The standoff ended when agents pumped tear gas into the compound. A fire broke out and nearly all the Davidians, including Koresh, died.
The government maintains that suicidal sect members started the fires and were responsible for the deaths.
A federal judge on Wednesday rejected all of the wrongful death claims that Branch Davidian survivors had filed against the government in connection with the deadly 1993 siege in Waco, Texas.
U.S. District Judge Walter Smith Jr. issued 22 pages of findings that said the government was not at fault in the conduct in the initial raid on the sect's Mount Carmel complex. He also said federal agents had no responsibility for the Davidians' deaths during the fiery end of the government's siege.
In a footnote in his decision, he said the entire tragedy can be laid at the feet of David Koresh, the Davidians' leader who died on the last day of the siege.

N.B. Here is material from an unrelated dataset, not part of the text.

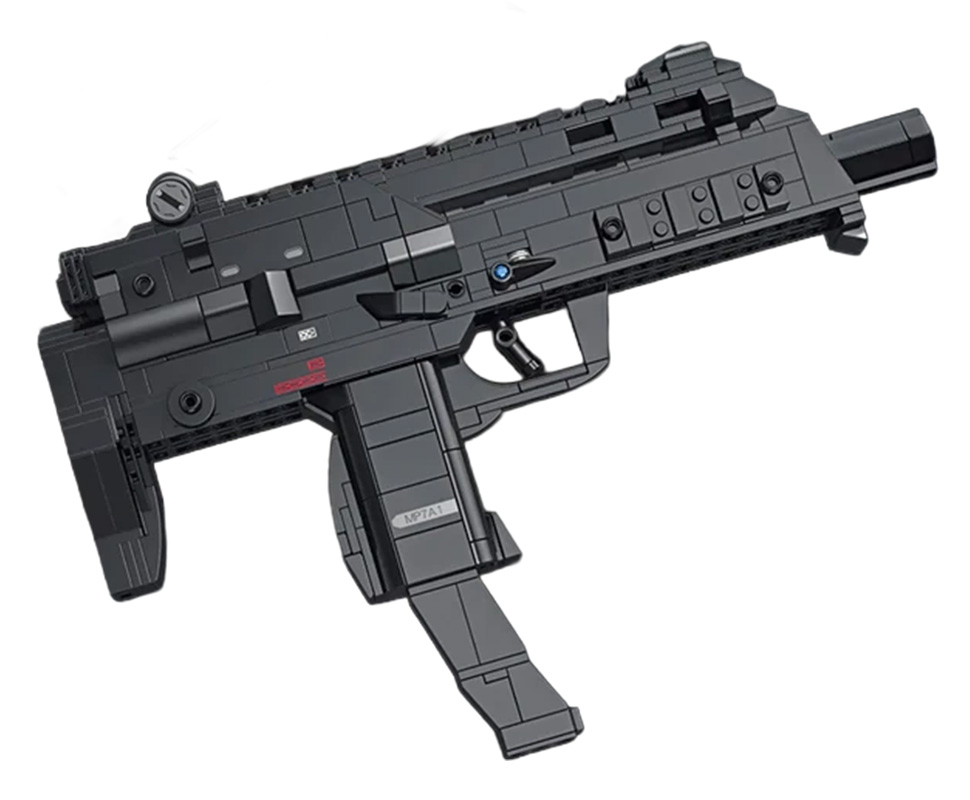 Military Rifle Building Kit 625 pcs.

FBI Director Louis Freeh said government agents and their families had carried heavy personal burdens for the past seven years because of allegations that agents fired on the Davidians or started the fire that led to the deaths of most of the sect's members.
"No one in the FBI wanted anyone harmed," Freeh said. "Everyone did their best under extraordinarily difficult circumstances. In the end, no one fired a shot, the government did not start the fires and the Davidians were found by the court to be solely responsible for the unnecessary deaths that occurred."
Smith also criticized the Davidians' lead attorney, Mike Caddell, saying Caddell had tried his case in the media with "innuendo, distortions, and outright falsehoods."
Caddell last week filed a motion to recuse Smith from the case, saying the judge was biased against the Davidians. The judge rejected that motion Wednesday, saying it was "an abuse of the judicial process."
Caddell was unavailable for comment Wednesday.
Smith's ruling, coupled with an interim report issued July 22 by special counsel John Danforth, nearly closes the book on Waco. Danforth's 10-month investigation absolved the government of wrongdoing, although the investigation
continues into whether Justice Department lawyers failed to disclose evidence to Davidian defense lawyers during a 1994 criminal trial. A report from Congress on Waco is to be released this fall.
Smith's findings were not a surprise. An advisory jury that heard the same claims in Smith's court during a four-week trial in Waco this summer took less than three hours to render a verdict for the government. Smith's decision is the last development in that case, barring an appeal by the Davidians.
The government's siege began Feb. 28, 1993, when 75 agents of the Bureau of Alcohol, Tobacco and Firearms attempted to serve an arrest warrant on Koresh and to search for illegal weapons. During a gunbattle, four ATF agents and six Davidians were killed.
After a 51-day standoff, the FBI attempted to evict the Davidians by using tanks to insert tear gas into their complex. After a six-hour assault, the building caught fire and about 80 Davidians died from gunshot wounds and the effects of the fire.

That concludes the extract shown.